Data section:
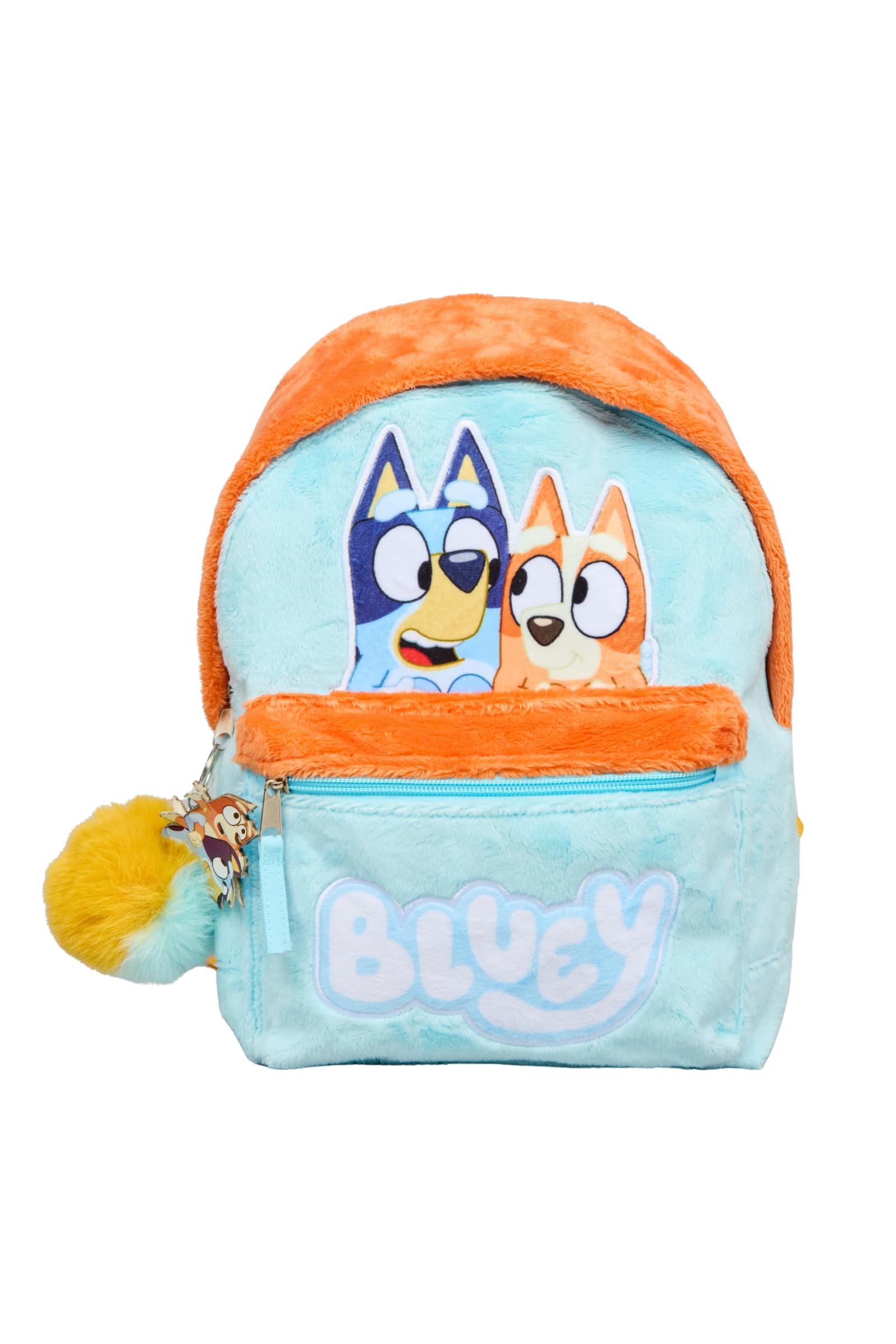 Bluey Chłopięcy pluszowy plecak dla dzieci, miękki, futrzany, z kieszenią na zamek błyskawiczny i brelokiem, torba podróżna dla dzieci w wieku przedszkolnym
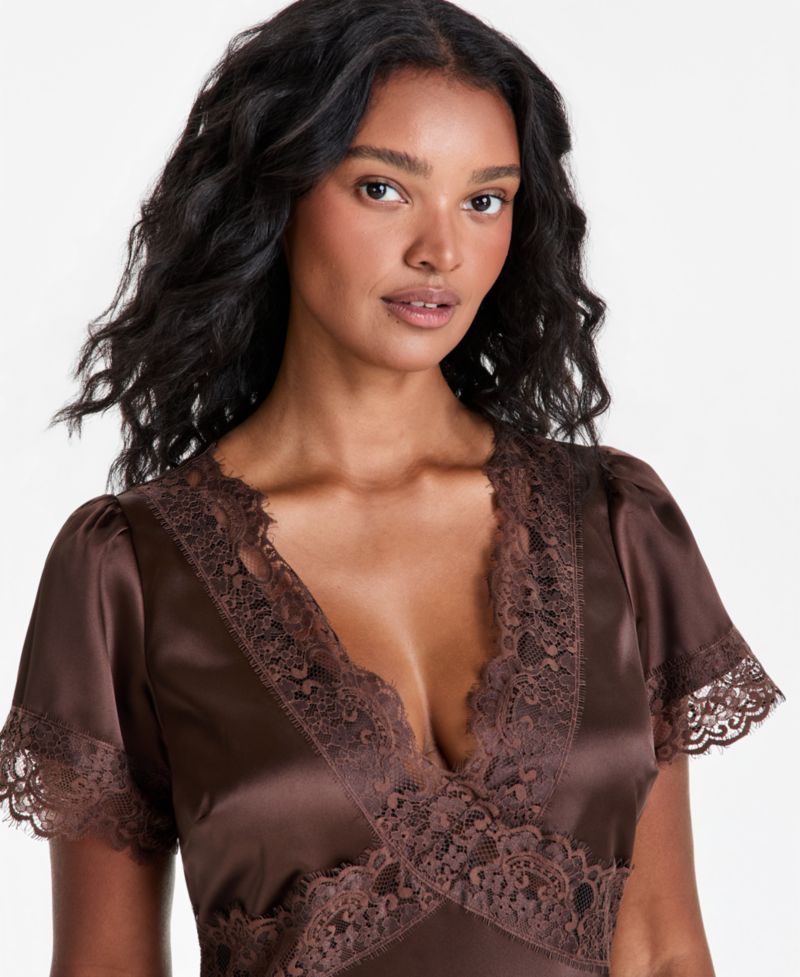 Petite V-Neck Lace-Trim Midi Satin Slip Dress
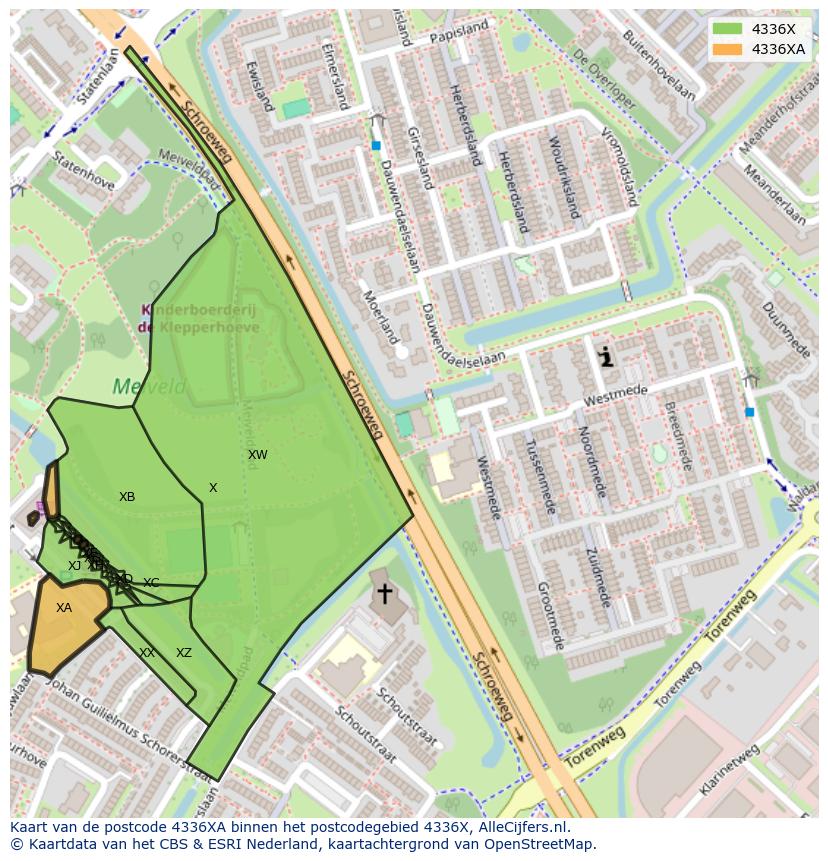 Afbeelding van het postcodegebied 4336 XA op de kaart.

Exercise description:
Pictures stay out; output the lines from the top of the listing above through the line containing "Petite V-Neck Lace-Trim", exactly as they stand.

Your response:
 Bluey Chłopięcy pluszowy plecak dla dzieci, miękki, futrzany, z kieszenią na zamek błyskawiczny i brelokiem, torba podróżna dla dzieci w wieku przedszkolnym
 Petite V-Neck Lace-Trim Midi Satin Slip Dress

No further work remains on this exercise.